In the house style, we have provided guidance on how to use and present:
- commonly used document elements
- notoriously confusing issues of punctuation and grammar
- sector-specific language and conventions.
In the word list, you will find guidance on words, phrases and expressions that can be written in different ways. In some cases, the guidance will be a matter of convention, i.e. where there is only one ‘correct’ way to express the item, or where the form chosen is based on one or more external sources (see References). In other cases, we will have chosen a particular form for the university’s style.
Accessibility + clarity + consistency = confidence
The purpose of this guide is to make our written communications more accessible to staff and students, and to members of our community for whom English is an additional language, or who experience language-based learning difficulties.
It is therefore important that all our communications are written with clarity. Finally, this guide is designed to ensure a greater level of consistency across all communications and platforms: this is crucial to inspire confidence in our messaging, and therefore the institution as a whole.
How you can help
We know that language and our reactions to it change over time. We also know that this guide doesn’t (and couldn’t!) cover every word or phrase, or every type of writing we use. Therefore, if you have a suggestion, a correction, or a question, please contact email@example.com
University of Exeter style guide
General writing style guidelines; also see A-Z of house style.
The Plain English Campaign describes plain English as ‘a message, written with the reader in mind and with the right tone of voice, that is clear and concise.’
Plain English conveys your meaning easily and quickly by using clear, punchy sentences addressed directly to the reader. It does not change your meaning or make complex thoughts simplistic – but it does make them more comprehensible and more persuasive.
Most experts would agree that clear writing should have an average sentence length of 15 to 20 words. This does not mean making every sentence the same length, but you should vary your style by mixing short sentences with longer ones, following the basic principle of sticking to one main idea in a sentence, plus perhaps one other related point.

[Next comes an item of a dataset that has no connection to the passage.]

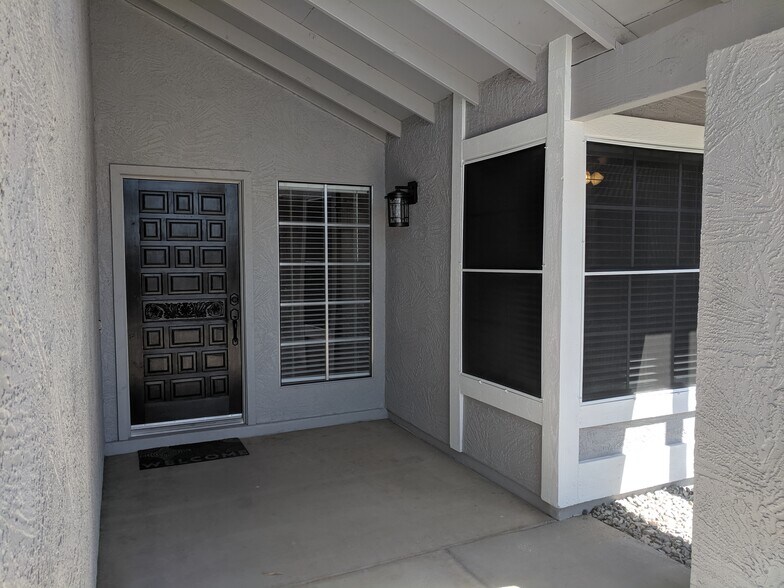Front Entry, photo cell light dusk to dawn. Front door stained to match cabinets. - 14101 N 78th Dr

Call the reader ‘you’, and call the University/College/Department ‘we’. Referring to the reader impersonally (‘applicants’, ‘students’) is off-putting for them.
- Use active verbs as much as possible – ‘we will do’ rather than ‘it will be done’
- Passive language sounds impersonal and bureaucratic whereas active verbs tend to engage the reader more
- Always try to emphasise the positive side of things - ‘If you don’t send your application form, we won’t make you an offer.’ (Negative) ‘Please send your application form so we can make you an offer as soon as possible.’ (Positive)
Lists are excellent for splitting information up and they make information easier to absorb. With a list that is part of a continuous sentence, put semicolons (;) after each point and start each with a lower-case letter (unless list items are module titles for example).
- Stop and think before you start writing. Make a note of the points you want to make in a logical order
- Prefer short words. Long words will not impress your audience or help your writing style
- Use everyday English whenever possible. Avoid jargon and legalistic words, and explain any technical terms you have to use
- Keep your sentence length down to an average of 15 to 20 words. Try to stick to one main idea in a sentence
- Use active verbs as much as possible. Say 'we will do it' rather than 'it will be done by us'
- Be concise
- Imagine you are talking to your reader. Write sincerely, personally, in a style that is suitable and with the right tone of voice
- Always check that your writing is clear, helpful, human and polite
- Adapted from the website of the Plain English Campaign.
Below is a list of sources used to help compile this guide.
New Hart’s rules (2014) 2nd edn. Oxford: Oxford University Press.
New Oxford dictionary for writers and editors (2014) 2nd edn. Oxford: Oxford University Press.
New Oxford spelling dictionary (2014) 3rd edn. Oxford: Oxford University Press.
Pears, R. and Shields, G. (2016) Cite them right: the essential referencing guide. 10th edn. London: PALGRAVE.
Thomas, C. and Saffrey, A. (2018) Your house style. 3rd edn. London: Society for Editors and Proofreaders.